Misanthropes, cyniques, vous êtes ici à la maison. Prenez un bon verre, un petit feuilleté saucisse, et décontractez-vous, dans un instant ça va commencer.

©Illuminati

Il est une question qu’on se voit souvent poser : “C’est quoi les outils d’un bon Product Manager”.

Petit aparté pour fixer les limites du débat, de façon bienveillante bien sûr !

On va évacuer un petit point de pression avant même d’aller plus loin dans le débat. Avant toute chose : on est sur un article, donc y’a pas de débat. Il y a forcément un petit futé qui va la ramener avec “bah ça dépend, t’as dit PM, et pas Product Lead, ou Head of Product, ou CPO, ou PPO, ou Senior PM”… Alors, qu’on soit clair, tout ça, c’est de l’enflerie premium inventée pour encaisser de la maille au format Super Size auprès des entreprises (cf. notre article précédent déjà une référence auprès de 2 lecteurs ! ). Si tu penses que silo et culture produit sont deux mots qui peuvent avoir une relation (même la petite amourette de fin de soirée entre Michel, Valérie et Armando) : tu peux te la tailler en biseau ! Mais hop, hop, hop ! Reste quand même… Ça fait des vues, du référencement Google, quand on va commencer à faire sponsoriser nos billets par Nord VPN, automatiquement, on va faire du blé (on croise les doigts — vu qu’on est ‘digital’ ça aide). Alors tu es le bienvenu, tu fais partie de l’aventure, mais attention, on t’a à l’œil.

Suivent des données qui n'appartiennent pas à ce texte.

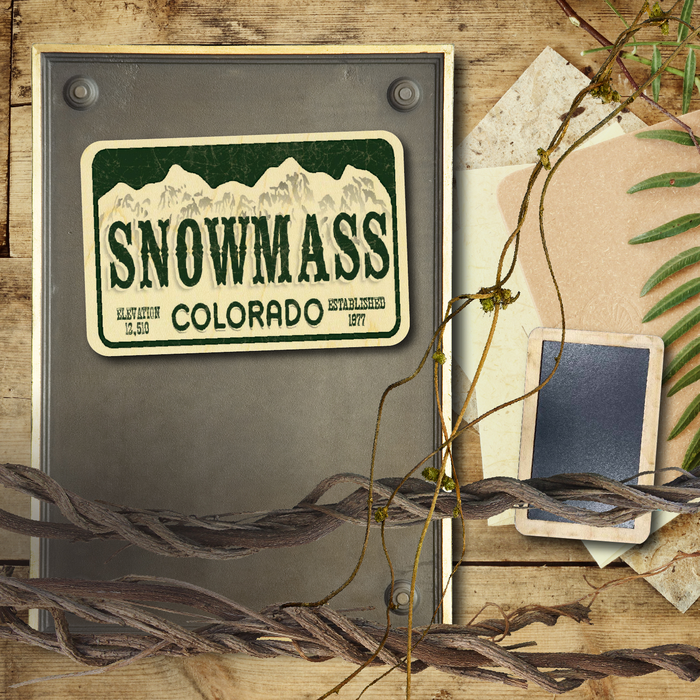Snowmass License Plate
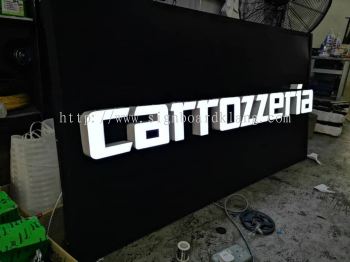 z city 3D LED channel box up lettering signage supply at klang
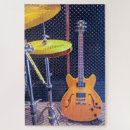 Recherche de guitare électrique puzzles Rock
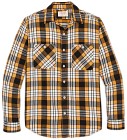 Filson M's The Rangeland Flannel Shirt Yellow / Faded Black Plaid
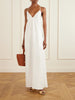 Linen-canvas maxi dress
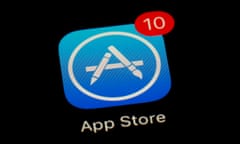 the deep blue App store icon
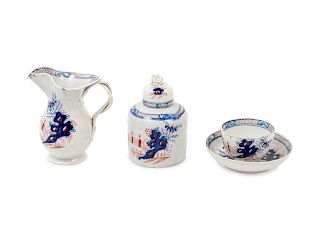 A Group of Leeds Pearlware Tea Articles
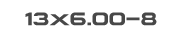 13*6.00-8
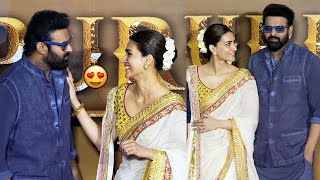 Prabhas and Kriti Sanon Cute Moments @ Adipurush Hindi Trailer Launch Event | Mumbai | Om Raut | NSE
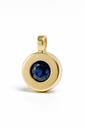 9MM ROUND PENDANT WITH NANO SHAPPIRE.
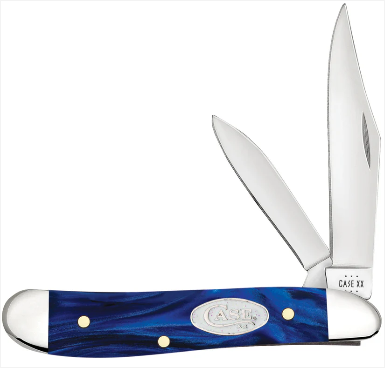 SparXX Blue Pearl Kirinite Smooth Peanut - Case Knife - 23446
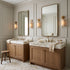 Lunaxis Alabaster Wall Sconce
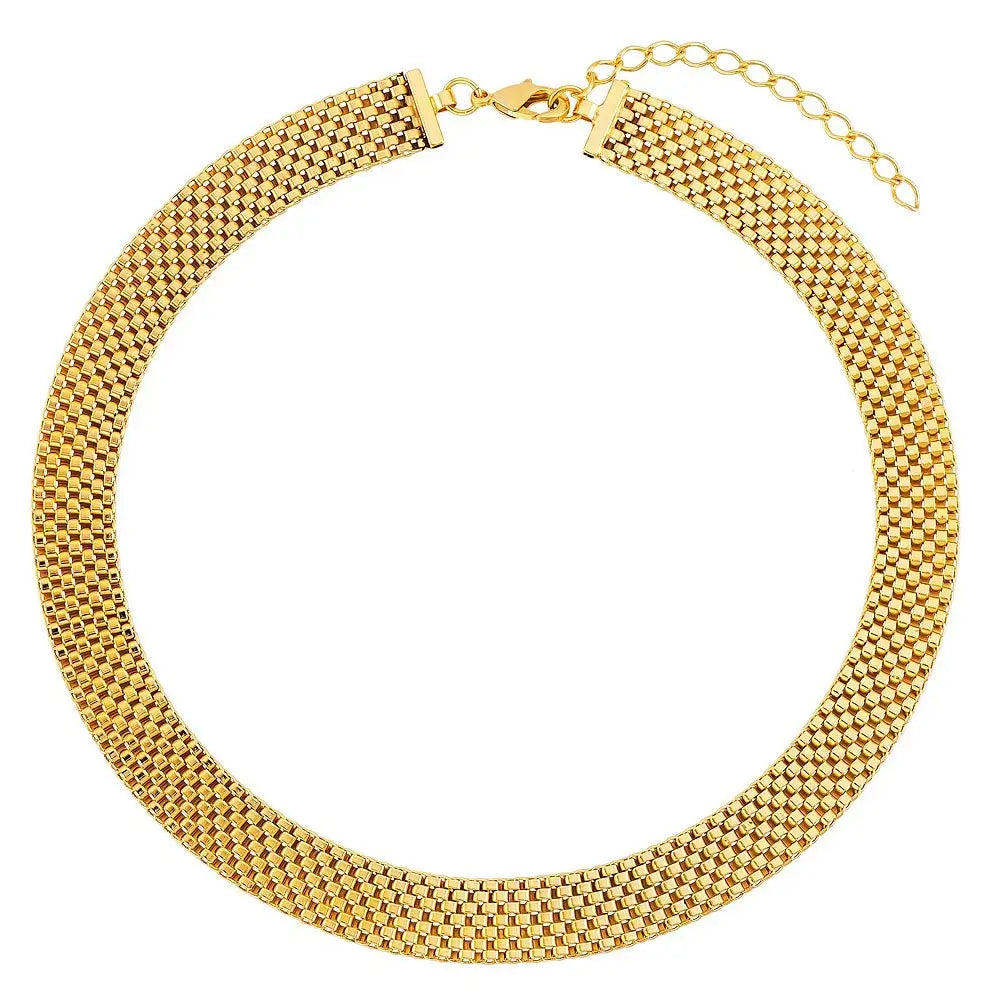 Choker of Malla Elegant Necklace (Gold Plated) | Luvesina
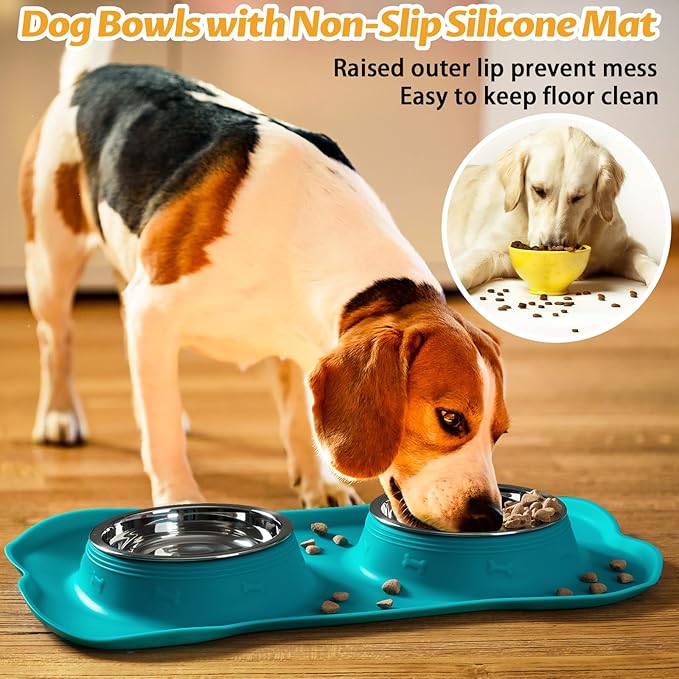 Hubulk Pet Dog Bowls 2 Stainless Steel Dog Bowl - Image 6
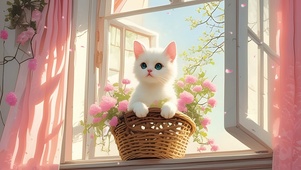 窗边小猫
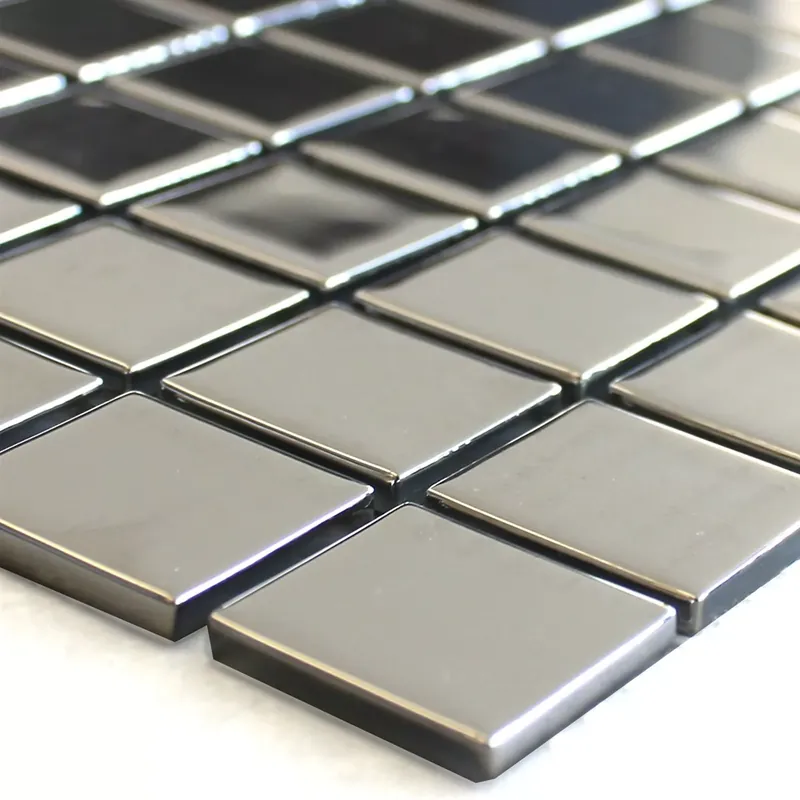 Minta tól től Üvegmozaik Csempék Ezüst Uni 25x25x4mm Olcsóbb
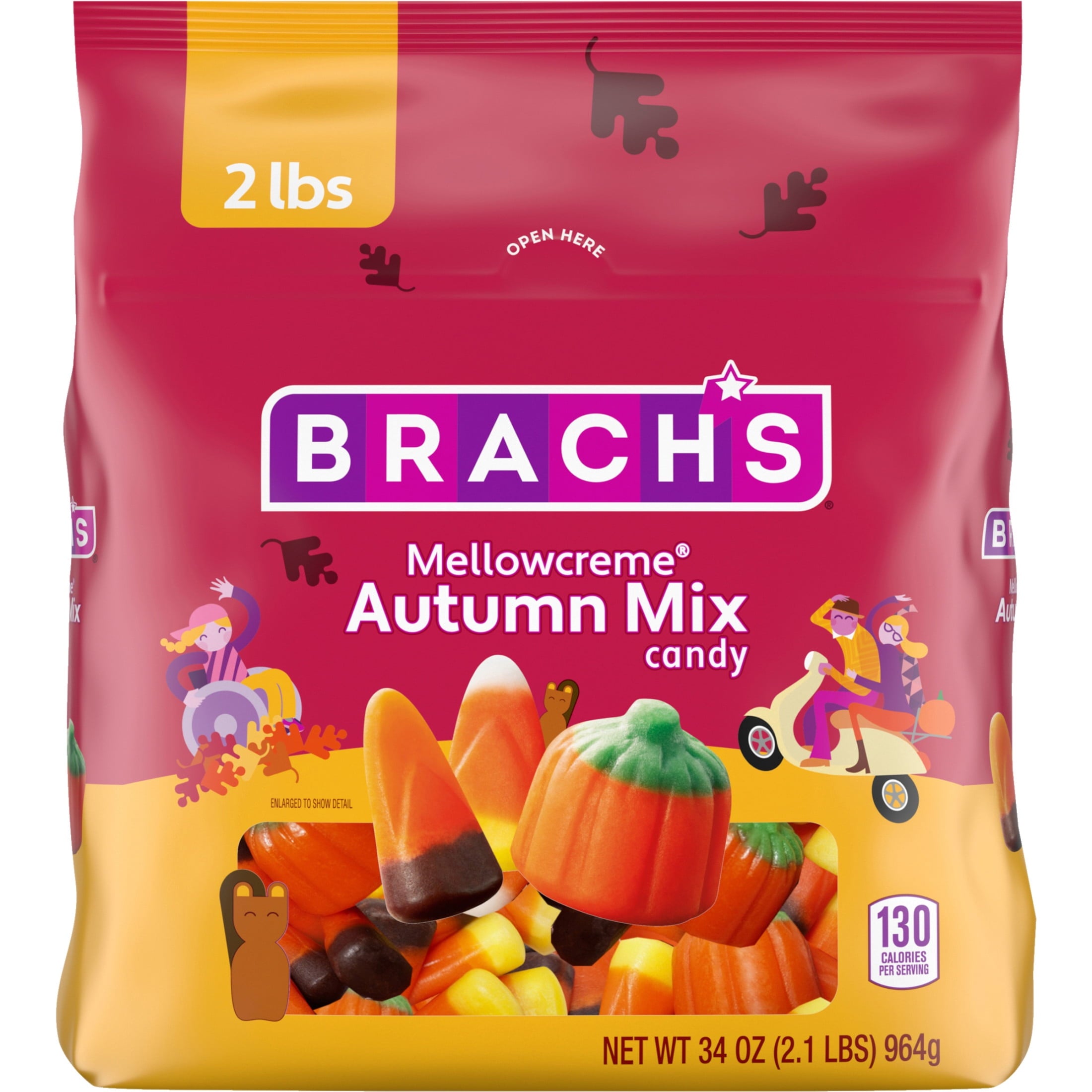 Brach's Mellowcreme Autumn Mix Candy, Halloween Candy, Fall Treats, 34 Ounce Bag
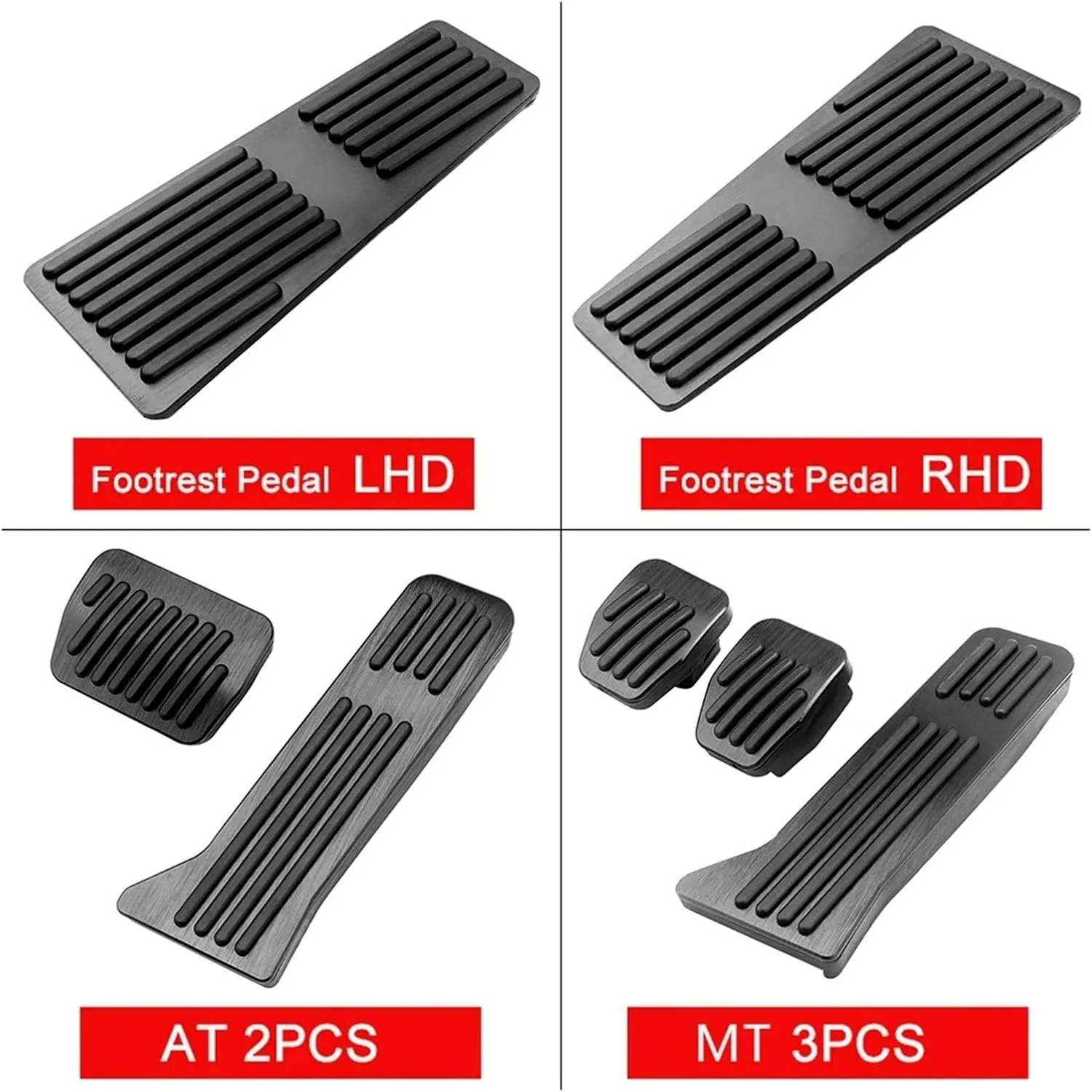 Car Pedals for Mazda 2 Dome 3 BM 6 GL GJ for CX-5 CX5 KE KF CX3 for CX-3 CX7 CX-7 CX-8 CX8 CX9 for CX-9 Car Accelerator Footrest Brake Clutch Pedal Pad Car Pedal Cover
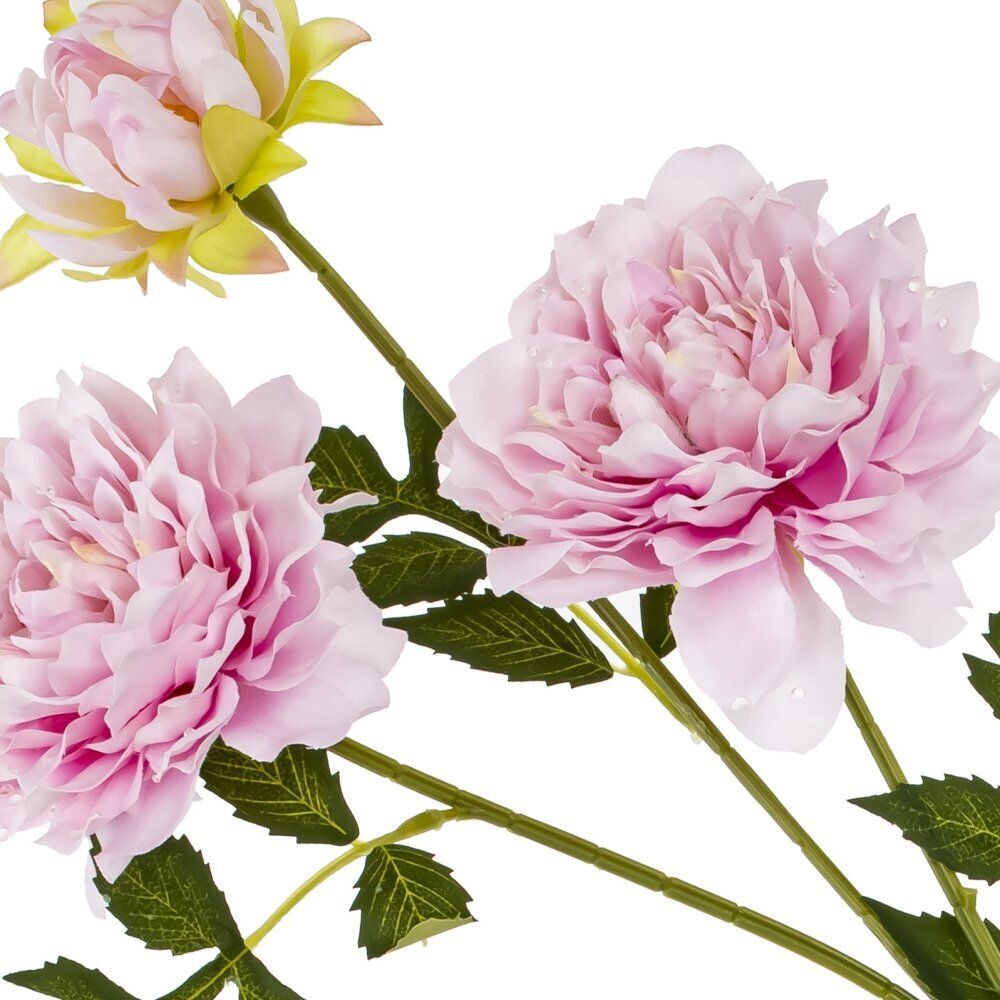 GAEM Цветок искусственный с каплями росы "Пион" , L12 W10 H66 см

Donc postulat de la vérité cosmique qui permet de se faire des amis dans le milieu du conseil :

PPO / PO / PM / Head of Product / Product Lead / CPO = PO et/ou PM.

Pourquoi “PO et/ou PM” ? Car, “PO”, c’est initialement la matérialisation du PM dans le framework Scrum. “PO”, c’est le nom que la bande de hippies à l’origine de Scrum a tout simplement donné au PM… C’est TOUT ! Il n’y a rien de plus ! Le reste c’est de la gaudriole économique pour consultant amateur d’Aqua Velva.

Ceci étant fixé, on peut en revenir à nos petites affaires… With love.

“Dis maman, C’est quoi les outils d’un bon product manager”

Après tout, c’est cette question qui vous a amenés ici…

Vaste question qu’on pourrait aborder via plein d’outils. Tiens, faisons l’exercice, juste pour le fun, de se demander via quel axe on pourrait commencer à dresser cette liste d’outils utiles au PM ?

  • Discovery ?
  • Business Strategy ?
  • Design ?
  • Décomposition en items de développements ?
  • Recette ?
  • Démos et feedbacks ?
  • Réseaux sociaux pour faire un peu de branding, se faire remarquer, et être nommé CPO d’une boîte française aux actionnaires à l’ambiance Spanghero ?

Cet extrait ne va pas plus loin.